Hello,
I've downloaded the TCGA provisional data on lung adenocarcinoma (
http://www.cbioportal.org/study?id=luad_tcga#summary) to do my own analysis on mutation incidence. I've noticed that the mutation data supplied in the data_mutations_extended.txt file does not seem to agree with the data_mutsig file.
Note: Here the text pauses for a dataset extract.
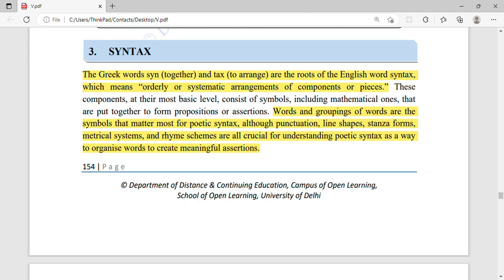The Greek word for syntax means 'syn' and 'tassein' — to arrange together, or to put together in a sentence so that it can convey meaning. Even a little phrase gives us a deep insight into what the poet is communicating.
Consider the mutations for HBG2 from data_mutations_extended.txt :
$ grep '^HBG2' data_mutations_extended.txt
HBG2 3048 broad.mit.edu GRCh37 11 5275539 5275539 + missense_variant Missense_Mutation SNP C C A TCGA-38-4632-01 TCGA-38-4632-11 C C - - C C
Unknown Somatic Unspecified WXS none NA NA Illumina HiSeq 49 21 ENST00000336906.4:c.298G>T p.Asp100Tyr p.D100Y ENST00000336906 NM_000184.2 100 Gat/Tat 0 2 7
35 blood coagulation Epithelial(150;2.76e-09)|BRCA - Breast invasive adenocarcinoma(625;0.135) 100 HBG2_HUMAN 5.65419e-07 c.298G>T HBG2_uc001mak.1_RNA|HBG2_uc001maj.1_Missense_
Mutation_p.D100Y 1 c.(298-300)GAT>TAT P69892 NA heme binding|oxygen binding|oxygen transporter activity A-gamma globin skin(1) 1 g.chr
11:5275539C>A 4.4004e-07 0.502 TTCTCAGGATCCACATGCAGC p.D100Y - hemoglobin complex uc001mai.1 NM_000559 0.00333 NP_000550 0 M
edulloblastoma(188;0.00225)|Breast(177;0.0155)|all_neural(188;0.0212)
etc.
There is, clearly, only one mutation.
However, in the mutsig file :
rank 35
gene HBG2
description hemoglobin, gamma G
N 201510
n 10
npat 10
nsite 10
nsil 2
n1 1
n2 4
n3 2
n4 2
n5 1
n6 0
p_classic 0.000124
p_ns_s 0.280
p_clust 0.000611
p_cons 0.0256
p_joint 0.000191
p 4.40e-07
q 0.000227
As far as I can tell, this indicates that there are ten mutations at ten unique sites in ten different patient's' HBG2 genes. In which case, why are at least 9 of them not in the data_mutation_extended file?